Local politicking had little to do with Russell Investment Group’s decision to pack up shop and head north to Seattle, pols in both cities say. Rather, Russell’s chance to occupy the newly vacated WaMu Tower was the deal-breaker, they say.
Still, the reasoning does little to blunt the loss for Tacoma.
While basking in their city’s own good news today, several Seattle City Councilmembers offered condolences to the City of Destiny. Here’s what some of them said:
Seattle City Council president Richard Conlin:
“It’s obviously a good thing for Seattle. It’s also good for the region – that they’re staying in the region.
Obviously it’s not a good thing from Tacoma’s perspective.

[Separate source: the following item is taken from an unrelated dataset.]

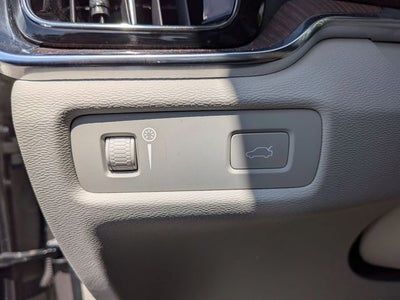 2021 Volvo S60 T6 Momentum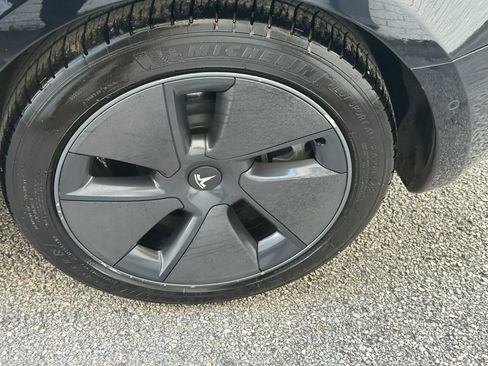 Used 2022 Tesla Model 3 Long Range image 38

We did not do anything to poach them. We did not put any kind of package of our own together. I guess it’s analogous to the Port of Tacoma taking on some of the clients that the Port of Seattle once did. Private businesses make decisions. These things happen.”
Seattle City Councilman Tim Burgess:
I understand the feelings of Tacoma’s leaders, obviously. If I was in Tacoma, I’d be very disappointed.
But I don’t think it’s fair to say that Seattle went out targeted Russell and stole them from the city of Tacoma. The company recently had a change in leadership, and decisions are made beyond the control of any of us.
I understand the feelings. But again, I think that Seattle – at least from what I know – was very passive in all of this. The city’s activity around this issue has been simply to respond very straightforwardly to the questions from Russell about (tax classifications).
City Councilwoman Jean Godden:
I understand that it is (a big blow to Tacoma). It’s something I regret very much, and certainly something I wouldn’t want to be a part of, if I can help it.
On the other hand, I must say that I’m pleased that if the Russell company decided it was going to move — and that’s apparently what they decided — that they’re going to stay in the region and settle here in Seattle.
City Councilman Tom Rasmussen:
I hope it doesn’t strain relationships at all. The fact that Russell was already looking at moving, it means to me that they had made some significant preliminary decisions that Tacoma was not the place where they wanted to be.
I can certainly understand why the City of Tacoma and its officials are disappointed. I would hope that they know the City of Seattle was not trying to pull Russell away at all.
We all understand the importance of keeping jobs and businesses in local communities. And I have always worked cooperatively with my colleagues in other cities in that effort, and hope to continue to so. I also hope that the officials in the City of Tacoma will continue to work cooperatively with us in Seattle in this regard, as well.